AVAILABLE RECORDS:
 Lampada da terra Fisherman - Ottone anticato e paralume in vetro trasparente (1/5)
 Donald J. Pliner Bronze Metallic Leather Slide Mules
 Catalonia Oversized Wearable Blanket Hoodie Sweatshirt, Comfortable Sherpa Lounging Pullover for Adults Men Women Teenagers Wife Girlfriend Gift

--

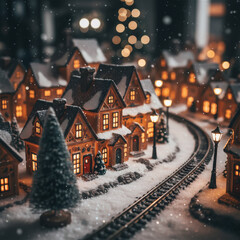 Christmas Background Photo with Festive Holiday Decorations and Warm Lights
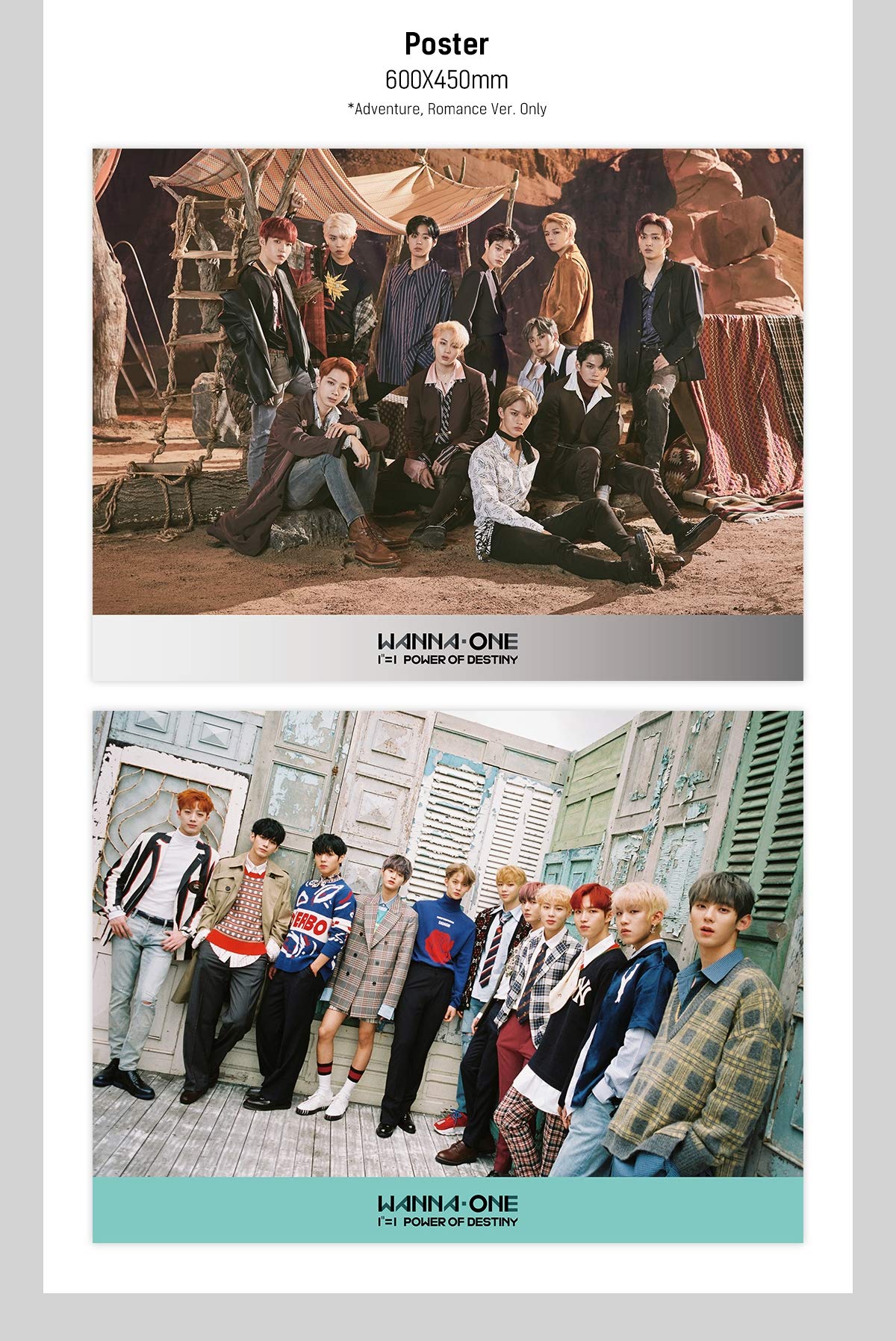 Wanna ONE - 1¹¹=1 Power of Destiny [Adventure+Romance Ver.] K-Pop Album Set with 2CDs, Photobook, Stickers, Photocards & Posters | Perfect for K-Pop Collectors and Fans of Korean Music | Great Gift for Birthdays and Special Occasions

...

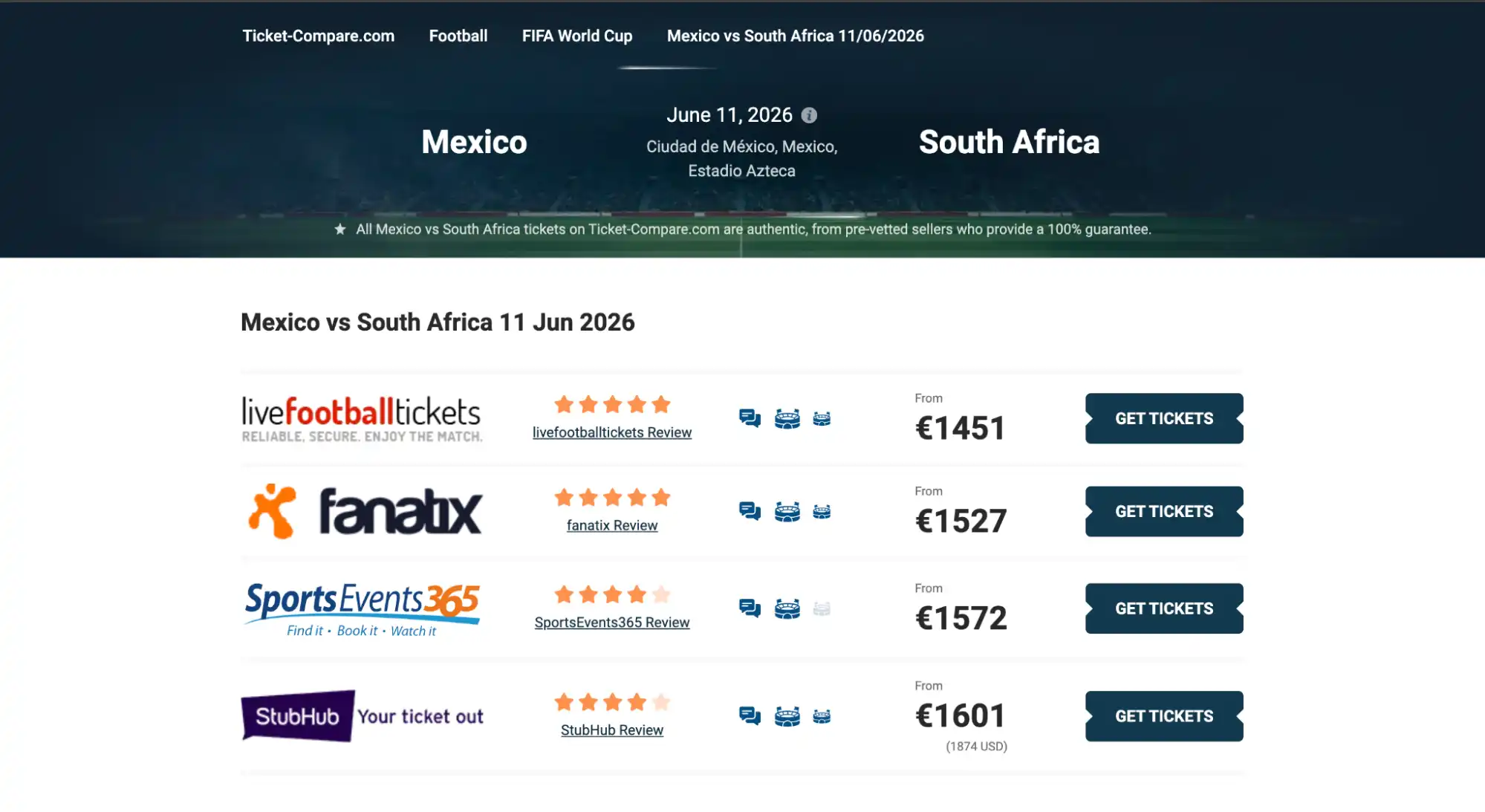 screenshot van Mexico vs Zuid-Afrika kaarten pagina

WHAT THE TASK REQUIRES: Retype exactly the lines above, from the one with "Donald J. Pliner" through the one with "Catalonia Oversized Wearable", inclusive.

YOUR SOLUTION:
 Donald J. Pliner Bronze Metallic Leather Slide Mules
 Catalonia Oversized Wearable Blanket Hoodie Sweatshirt, Comfortable Sherpa Lounging Pullover for Adults Men Women Teenagers Wife Girlfriend Gift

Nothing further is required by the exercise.